THE Central Bank of Nigeria (‘CBN’) has granted Airtel Mobile Commerce Nigeria Ltd, a subsidiary of Airtel Africa, a full super-agent licence.
This licence, according to the telecommunications giant, allows it to create an agency network servicing the customers of licensed Nigerian banks, payment service banks and licensed mobile money operators in Nigeria.
This final approval followed an earlier approval-in-principle given by the apex bank back in November 2021, the telco explained in a notification to Nigerian Exchange Group (NGX).
“Further to our announcement of 15 November 2021, Airtel Africa, a leading provider of telecommunications and mobile money services, with presence in 14 countries across Africa, today confirms that the Central Bank of Nigeria (CBN) has awarded its subsidiary, Airtel Mobile Commerce Nigeria Ltd, with a full super agent licence.
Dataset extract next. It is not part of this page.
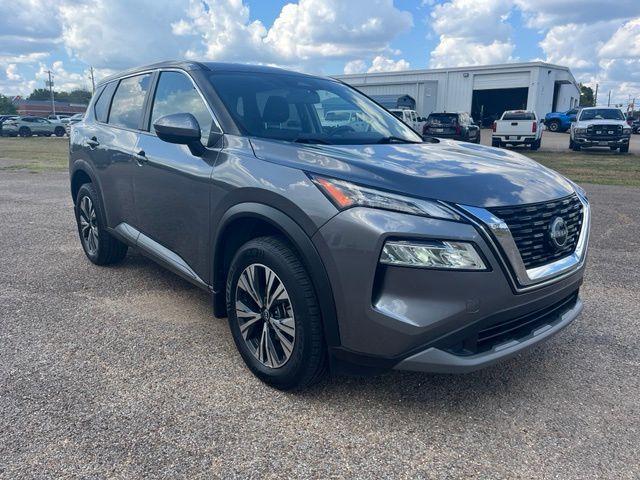 Gray (Gun Metallic) 2023 Nissan Rogue SUV / Crossover Front-Wheel Drive Continuously Variable Transmission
“The licence allows us to create an agency network that can service the customers of licensed Nigerian banks, payment service banks and licensed mobile money operators in Nigeria,” the statement, signed by its Group Company Secretary, Simon O’Hara read.
Airtel’s approval to operate a super agent licence is coming two weeks after the apex bank granted MTN Nigeria a final approval to operate a Payment Service Bank (PSB).
MTN’s PSB is known as Momo Payment Service Bank Limited (Momo PSB).
According to Mondaq, a content aggregator service provider focusing on finance, a super agent is a corporately licensed entity that is empowered to conduct certain banking activities within the community.
Super agents and PSBs have one major goal, which involves financial inclusion, especially for the unbanked in Nigeria. Already 38 million adults were completely financially excluded at the end of 2020, according to figures from Enhancing Financial Innovation & Access, tagged ‘New data from EFInA.‘
“Although financial inclusion has grown in the past decade, Nigeria fell short of the National Financial Inclusion Strategy targets for 2020. The country had aimed to reach 70% per cent of Nigerians with formal financial services by 2020. The actual figure was 51%.
“The overall financial inclusion target was 80 per cent by 2020. EFInA data shows that only 64% of Nigerian adults were financially included by the end of 2020. This means that 36% of Nigerian adults, or 38 million adults, remain completely financially excluded.”
Experts who spoke with The ICIR believed this new move by the CBN would help to bank the unbanked and stir the necessary competition among financial technology companies (FinTechs), banks and PSBs.
The West Africa Tax Leader at PricewaterhouseCoopers, Taiwo Oyedele, cited the case of a mobile phone-based money transfer service, M-Pesa, an initiative widely accepted in East Africa, and lauded the government’s efforts to deepen financial inclusion.
Oyedele said, “If you think about East Africa, particularly, Kenya, they have M-Pesa that is effective and widely used and it was pioneered by a telecom company. I think the space is big enough for everyone to play because if we are protective, we may never grow. At the end of the day, the benefit of competition should be for a better society.”
A financial analyst and professor of Economics at the Olabisi Onabanjo University, Ago-Iwoye, Ogun State, Sheriffdeen Tella, was of the opinion that the era of PSBs would encourage competition.
Tella said, “Competition brings about improvement in quality and drives down prices. When MTN was the only telecom operator, the price was high until other competitors came in.”
Oyedele advocated more ways to deepen inclusion. These includes a mobile paying system that may not need a smartphone and can use any kind of phone – low end or high end. He stressed the importance of a simple, affordable and accessible payment solution for Nigerians.